How do we resolve merge conflicts Ex :- main branch moved a head and added/deleted somedata temp branch have some changes and i'm trying to merge temp to main branch how does nessie handle this case do we need to manually resolve the merge conflict
Nessie has the ability in its rest api to force merges or ignore certain objects. These aspects of its features should be coming very soon to its SQL support. In future iterations it will become more context aware to auto reconcile such conflicts further down the road,
Hey Alex, I'm also getting this error 1 of 2 START sql table model warehouse-dbt.test2.my_first_dbt_model ............ [RUN] 11:57:41 1 of 2 ERROR creating sql table model warehouse-dbt.test2.my_first_dbt_model ... [ERROR in 4.22s] 11:57:41 2 of 2 SKIP relation test2.my_second_dbt_model ................................. [SKIP] 11:57:42 11:57:42 Finished running 1 table model, 1 view model in 0 hours 0 minutes and 11.60 seconds (11.60s). 11:57:42 11:57:42 Completed with 1 error and 0 warnings: 11:57:42 11:57:42 Runtime Error in model my_first_dbt_model (models/example/my_first_dbt_model.sql) 11:57:42 ERROR: Validation of view sql failed. No match found for function signature my_first_dbt_model(type => <CHARACTER>) How to solve this error? Any help will be appreciated Thanks
From video, what I understand Nessie is the best catalog for datalake house. It is easy to manage and goes beyond the its capabilities giving gitlike environment.
Hi there, thanks for the awesome video! Any reasons why s3.endpoint was setup an ip address rather than a host name when creating the catalog? I found the hostname style could also work in the demo with s3.path-style-access=true.
This worked fine. The only detail I had to look at twice was the using the project id, which is a long GUID instead of the name of the project. The dbt-dremio plugin does not return meaningful errors if there are any problems. Another UI thing that was odd to figure through is that you have to click on an artic catalog then see the tiny button in the upper right of the screen to create a folder. No actions are possible from the folder tree on the left for Artic related functions. Those things made this less straight forward than it could have been, but it still ended up working great.

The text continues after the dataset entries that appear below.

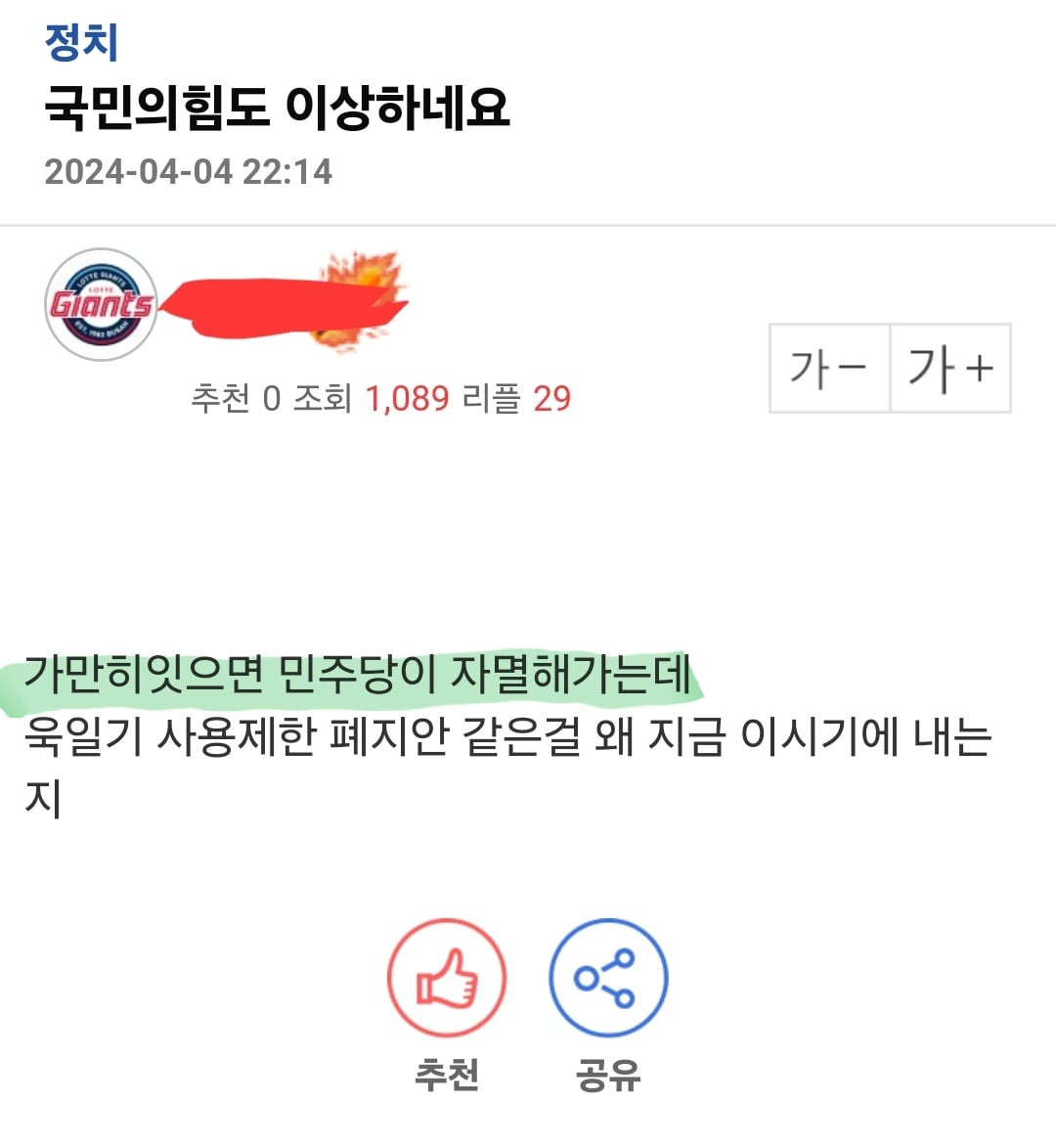 게시글 이미지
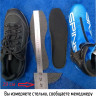 Лыжные ботинки Spine NNN Energy (258) (черный/синий) (2022) - Лыжные ботинки Spine NNN Energy (258) (черный/синий) (2022)
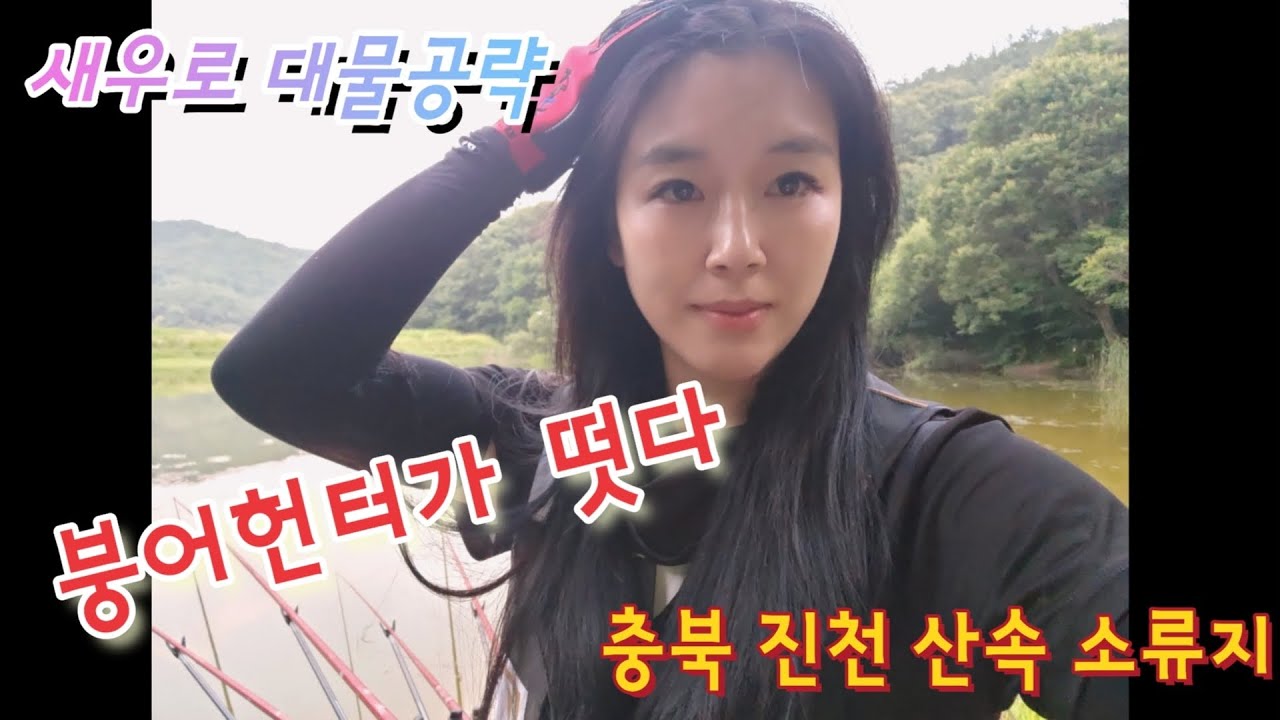 낚시는안다다!이번에는 토종터 산속소류지로왔습니다!!!31도무더위!안다다.붕어헌터가떴다!!붕어들다잡아버리겠다!!#붕어낚시#붕어#낚시하는여자#낚시#민물낚시#충북낚시#소류지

Hey alex, nice video. I have a question for you. when convert any file (csv, json or parquet) from a datalake to iceberg table, data will duplicate, will be a copy on the iceberg table?
Is scanning the QR codes on the phone not working, both videos should also be searchable on Dremio you tube channel. I think the next video in the first QR code is ru-vid.com/video/%D0%B2%D0%B8%D0%B4%D0%B5%D0%BE-bvXj4ANMy10.htmlsi=KrthtZQr_Dve9Ter
I'd have to see the whole log output and catalog settings to determine the issue. If you want message me on LinkedIn and I can examine further. - Alex Merced
hey Alex, really appriciate your work. I am quit beginner here and I have a basic question. why didn't you include DBT-Dremio in your docker containers ? why did you configure it seperately in a virtual python env. would really appreciate the clarification.
1. dbt-dremio needs to be installed in the context your dbt-models exist which is usually not on the same system Dremio is running on (you wouldn’t want both processes fighting over resources) 2. The virtual environment is to isolate dependencies from other projects like web apps, so that way I can more easily make the environment more replicatable.